Zusammenarbeit bei KI und Wasserstoff
"Japan ist für Nordrhein-Westfalen der wichtigste strategische Wirtschafts- und Wertepartner in Asien", sagte Wüst im Vorfeld der Reise. Er wolle die Zusammenarbeit bei den Themen Robotik/KI, Quantencomputing sowie Wasserstoff und Batteriezellentechnologie "weiter festigen".
Das steht auf dem Programm:
- Treffen mit Außenminister: Gespräch mit Yoshimasa Hayashi zum Umgang mit China
- Firmenbesuch: Fujifilm hatte 2022 ein "Open Innovation Hub" in Ratingen eröffnet
- Universität Tokio: Zusammenarbeit der Hochschulen stärken
- Sozialprojekte: Besuch eines Jugendparks und Inklusions-Cafés
Die Reise lässt sich auch deuten als ein wiedererwachtes Interesse an Japan. Das liegt nicht zuletzt an der vielzitierten "Zeitenwende“, die der russische Angriff auf die Ukraine eingeläutet hat. Wenn CDU-Politiker Wüst von dem "Wirtschafts- und Wertepartner“ Japan spricht, soll zum Ausdruck kommen, dass es nicht nur ums Geschäft geht, sondern auch darum, in Japan einen strategischen Verbündeten zu sehen. Das gilt mit Blick auf die Ukraine und Russland, aber ebenso mit Blick auf die Großmacht China und ihre unverhohlenen geopolitischen Ansprüche im Pazifikraum. Für Japan, das die Volksrepublik unmittelbar vor der Haustüre hat, ist das eine sicherheitspolitische Herausforderung.

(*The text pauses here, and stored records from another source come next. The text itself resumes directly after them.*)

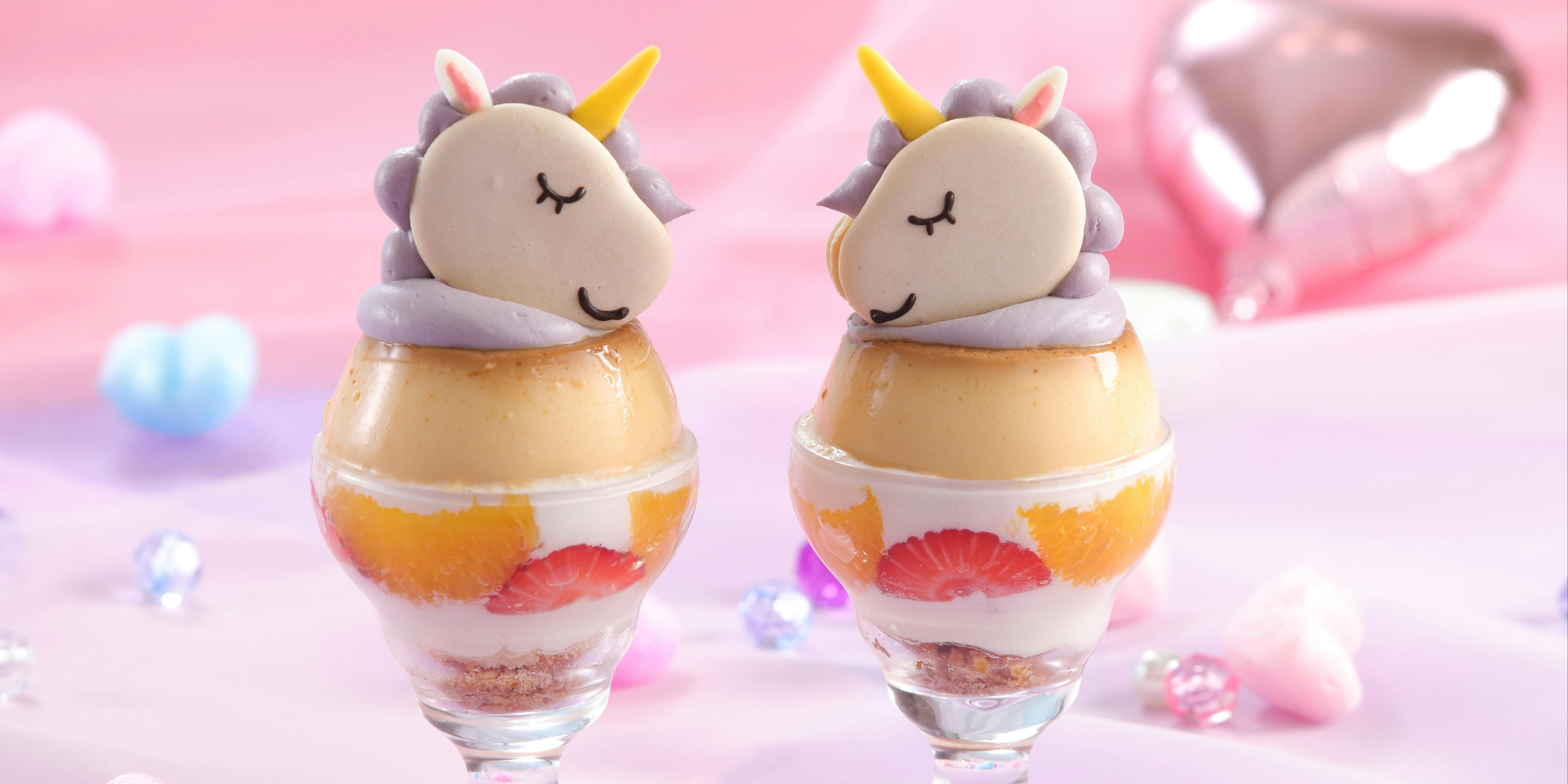 スカイレストラン エトワール／都シティ 大阪天王寺(旧 天王寺都ホテル) - 画像26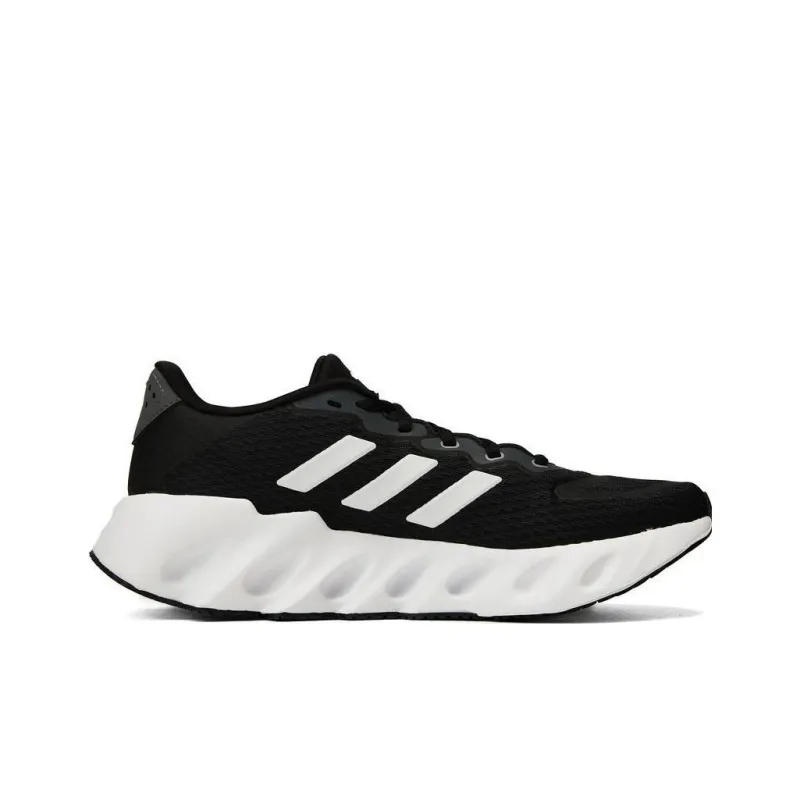 Adidas Switch Run 'Core Black' Women's-1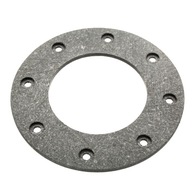 Trecí kotúč pohonu hlavy 140x80x4mm Claas Trecí kotúč pohonu hlavy 140x80x4mm Claas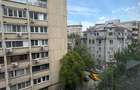 Cismigiu apt 2 camere renovat, mobilat, balcon, centrala proprie, lista U3 - 21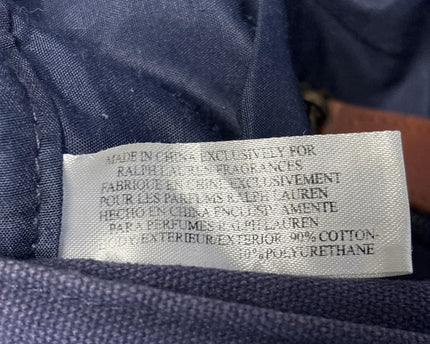 BG-00758-1425-3PDL4-010-wash_tag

Japans alte Gesellschaft als Modell
Japan ist für Deutschland nach Ansicht Wüsts aus einem weiteren Grund von Interesse: Es ist das Industrieland mit der ältesten Gesellschaft der Welt, hier leben die Menschen besonders lang, die Zahl der Kinder ist besonders gering. 48,7 Jahre betrug das Durchschnittsalter im Jahr 2022. Die demographischen Herausforderungen teilt Japan mit Deutschland.
Da passt es, dass sich Hendrik Wüst in seiner Regierungserklärung im vergangenen Jahr das Thema "Einsamkeit“ auf die Fahne geschrieben hat. In Japan gilt Einsamkeit als ein großes Problem, nicht nur im Alter, sondern generell. Es ist eine Herausforderung in sozial- und gesundheitspolitischer Hinsicht. Das Thema bildet einen roten Faden für den Besuch des deutschen Politikers, entsprechende Projekte stehen auf dem Reiseprogramm.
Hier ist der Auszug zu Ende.